+++ Data for review +++
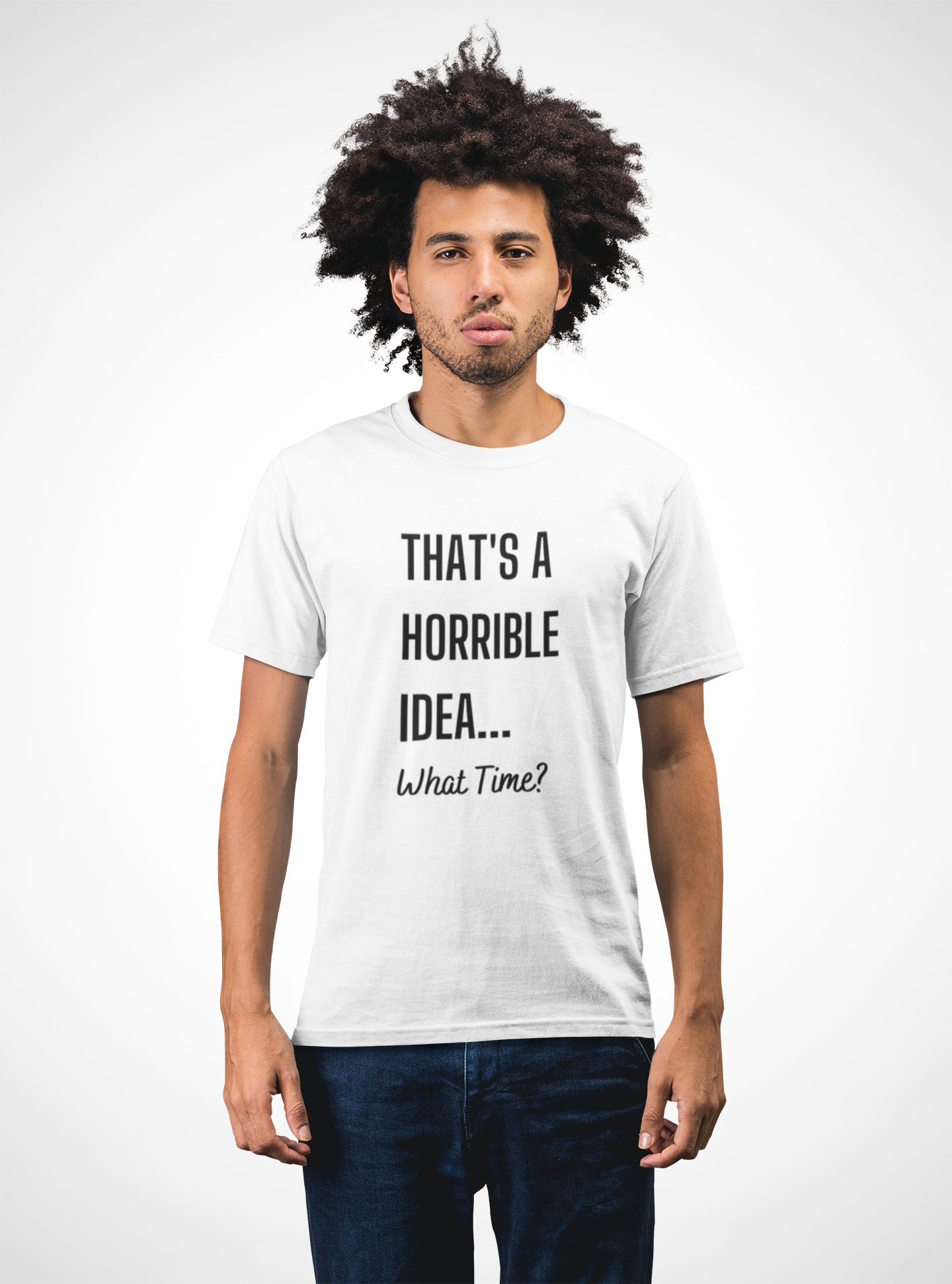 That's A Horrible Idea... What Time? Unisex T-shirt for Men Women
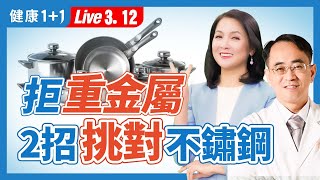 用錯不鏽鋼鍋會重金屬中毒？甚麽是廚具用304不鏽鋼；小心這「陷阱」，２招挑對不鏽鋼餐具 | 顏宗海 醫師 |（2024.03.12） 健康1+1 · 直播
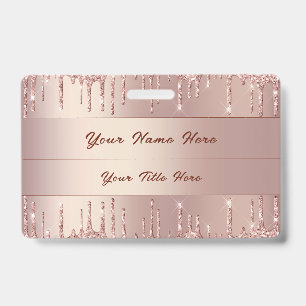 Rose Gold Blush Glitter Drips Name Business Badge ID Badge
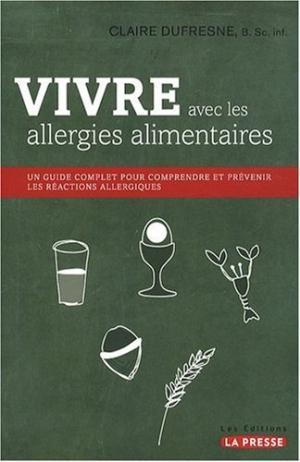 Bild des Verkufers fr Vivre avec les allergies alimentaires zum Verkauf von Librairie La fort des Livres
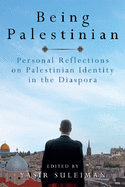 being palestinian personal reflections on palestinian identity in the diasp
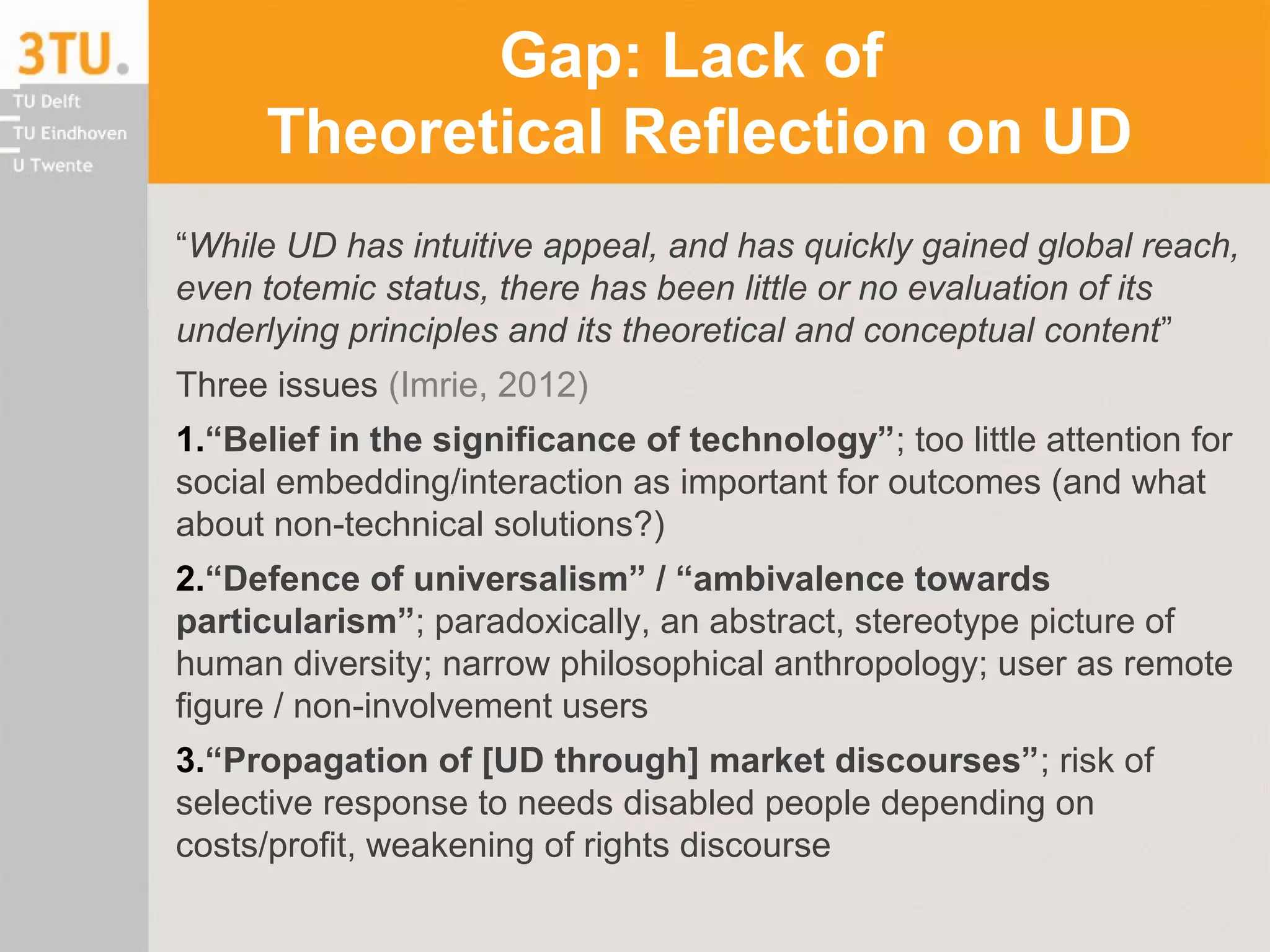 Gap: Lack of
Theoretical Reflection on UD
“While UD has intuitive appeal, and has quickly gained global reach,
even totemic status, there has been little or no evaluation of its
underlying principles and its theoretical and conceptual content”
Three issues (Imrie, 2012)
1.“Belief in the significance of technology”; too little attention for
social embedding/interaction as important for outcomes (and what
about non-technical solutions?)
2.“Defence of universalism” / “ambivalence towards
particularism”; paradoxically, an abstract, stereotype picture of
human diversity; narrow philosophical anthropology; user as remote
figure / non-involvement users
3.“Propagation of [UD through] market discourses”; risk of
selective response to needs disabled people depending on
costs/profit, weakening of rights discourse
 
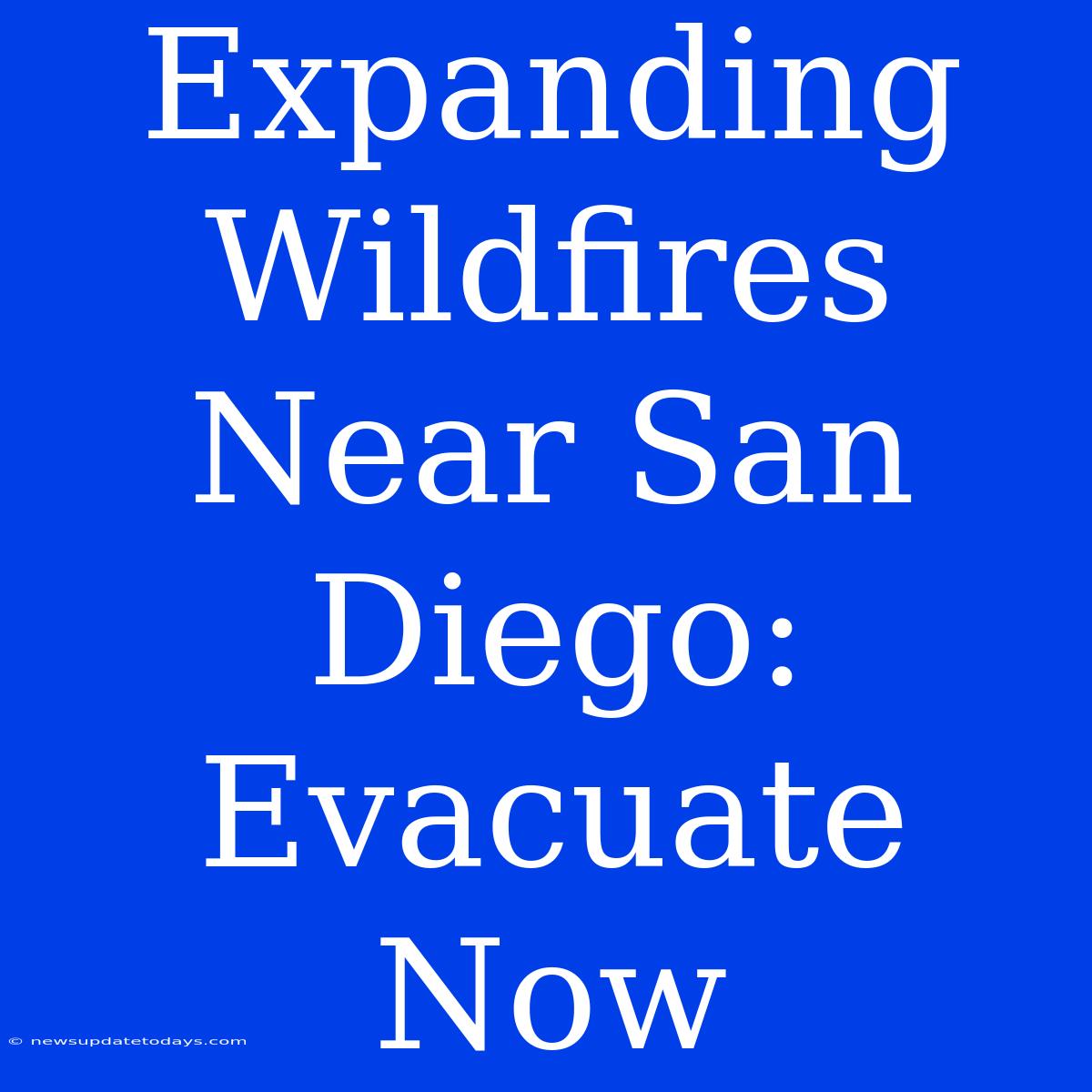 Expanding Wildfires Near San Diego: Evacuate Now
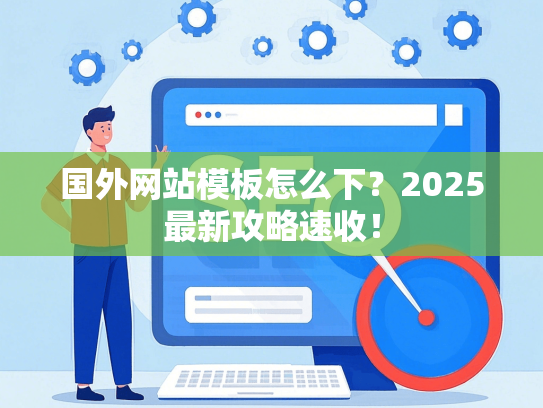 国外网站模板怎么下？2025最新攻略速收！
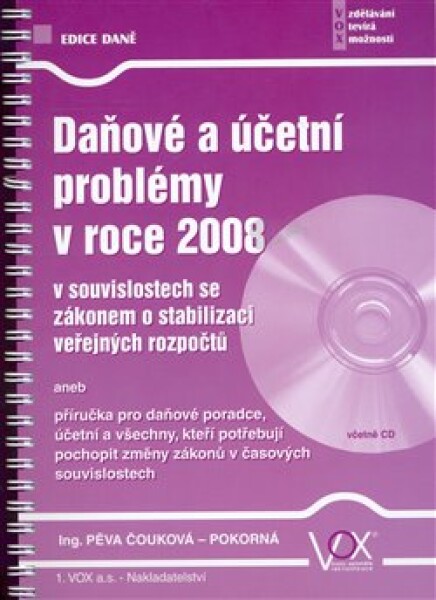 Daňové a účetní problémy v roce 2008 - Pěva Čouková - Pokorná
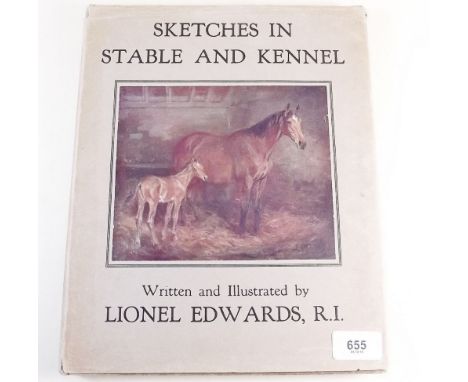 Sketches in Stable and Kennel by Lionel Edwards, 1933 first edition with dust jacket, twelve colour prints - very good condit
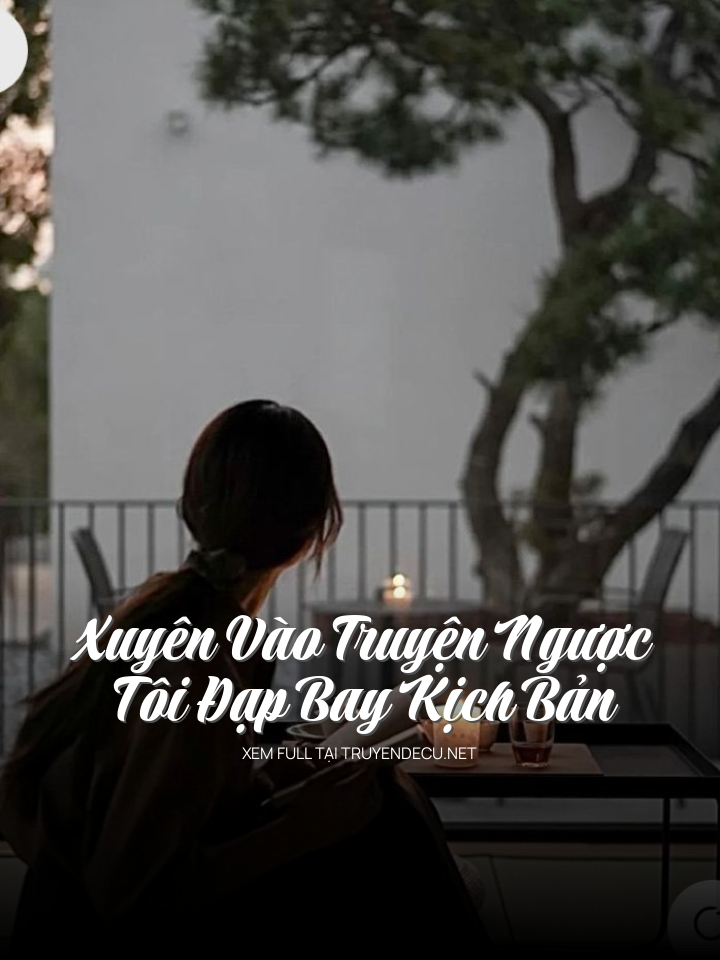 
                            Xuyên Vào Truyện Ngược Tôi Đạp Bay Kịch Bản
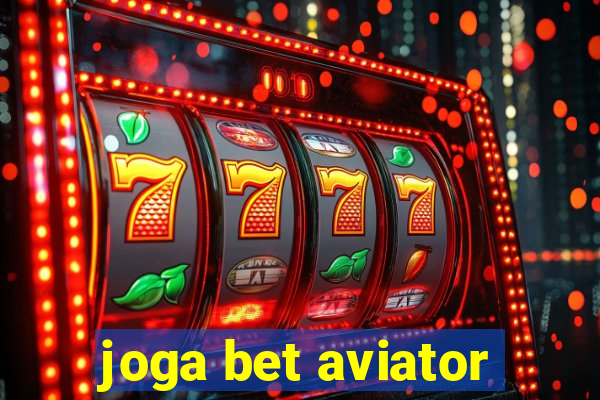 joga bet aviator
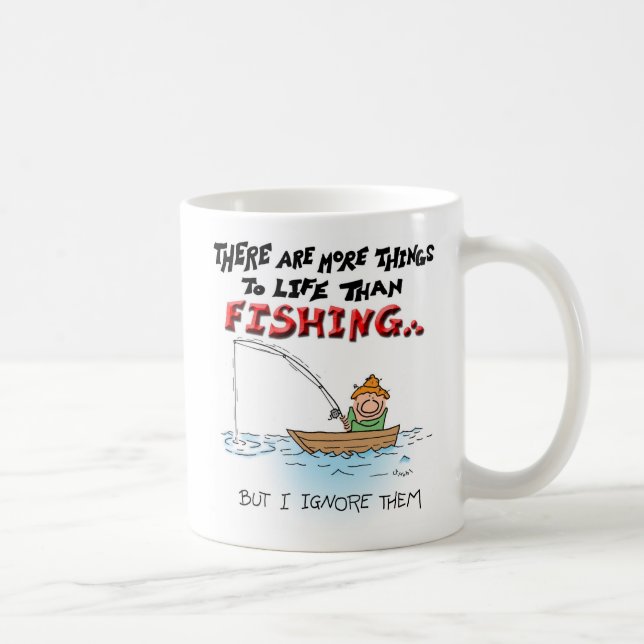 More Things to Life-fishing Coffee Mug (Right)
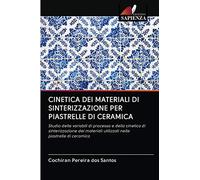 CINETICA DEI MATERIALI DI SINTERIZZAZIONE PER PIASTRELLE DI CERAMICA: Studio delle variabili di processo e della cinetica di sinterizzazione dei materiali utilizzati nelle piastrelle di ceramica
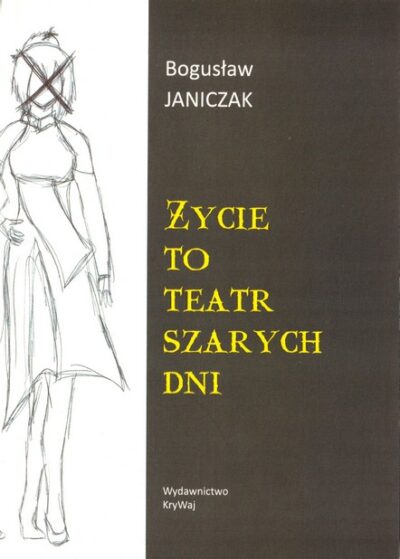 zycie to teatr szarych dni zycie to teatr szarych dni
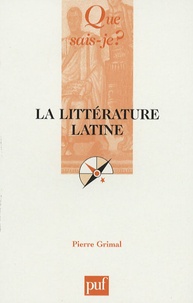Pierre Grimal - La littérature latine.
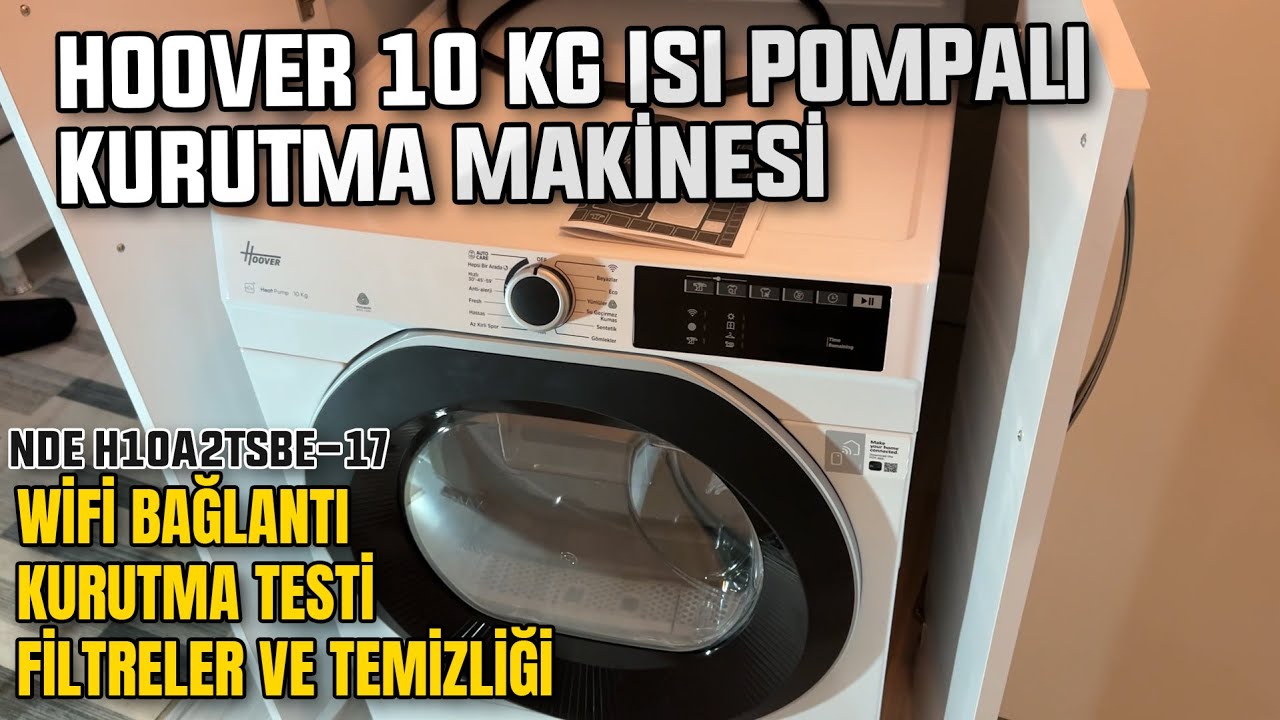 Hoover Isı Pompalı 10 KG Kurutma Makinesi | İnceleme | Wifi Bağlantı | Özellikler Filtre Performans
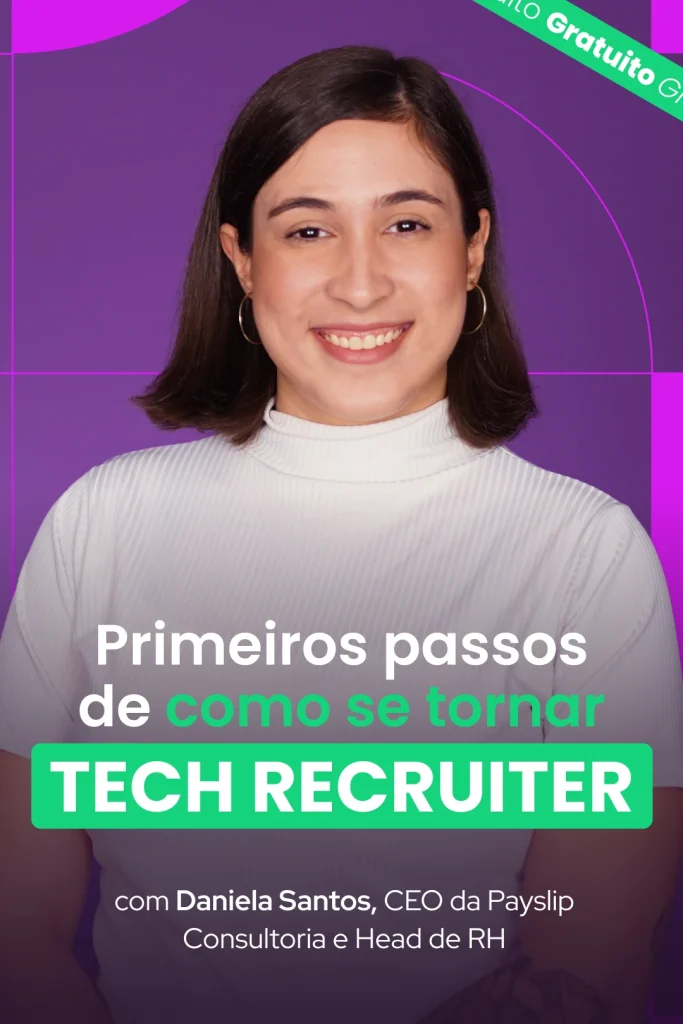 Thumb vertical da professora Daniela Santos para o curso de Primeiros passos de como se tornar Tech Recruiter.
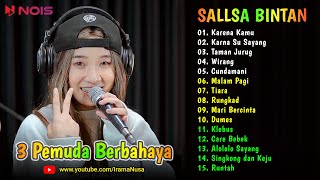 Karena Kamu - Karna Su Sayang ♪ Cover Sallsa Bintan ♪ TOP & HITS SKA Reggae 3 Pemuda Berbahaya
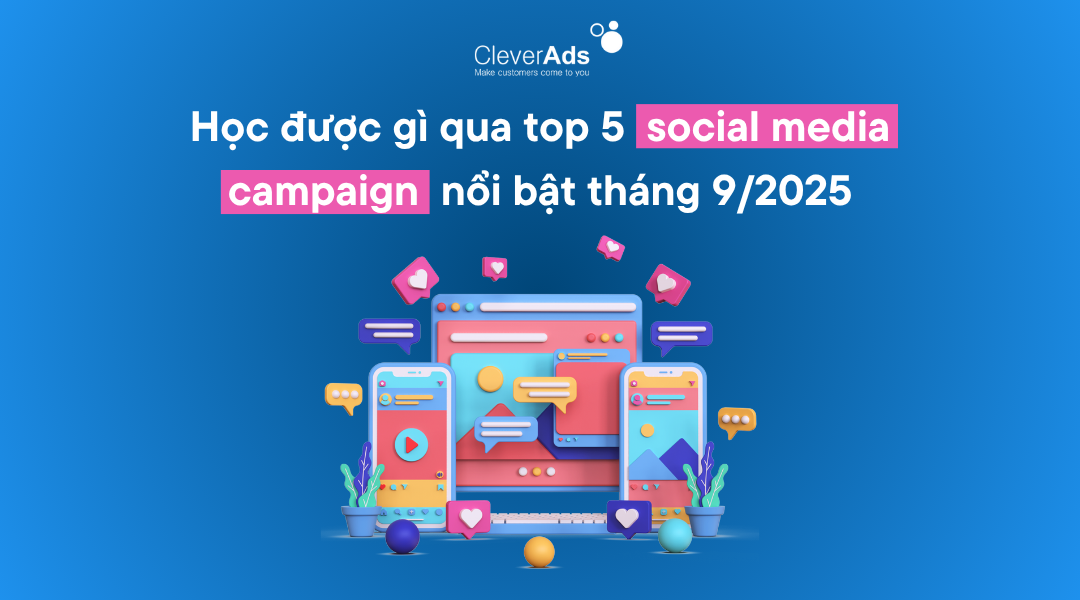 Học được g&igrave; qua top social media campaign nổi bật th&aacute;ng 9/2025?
+++
▶ [Try it] Copy each line of the listing above that includes the word "little".

▶ [Answer space]
even totemic status, there has been little or no evaluation of its
1.“Belief in the significance of technology”; too little attention for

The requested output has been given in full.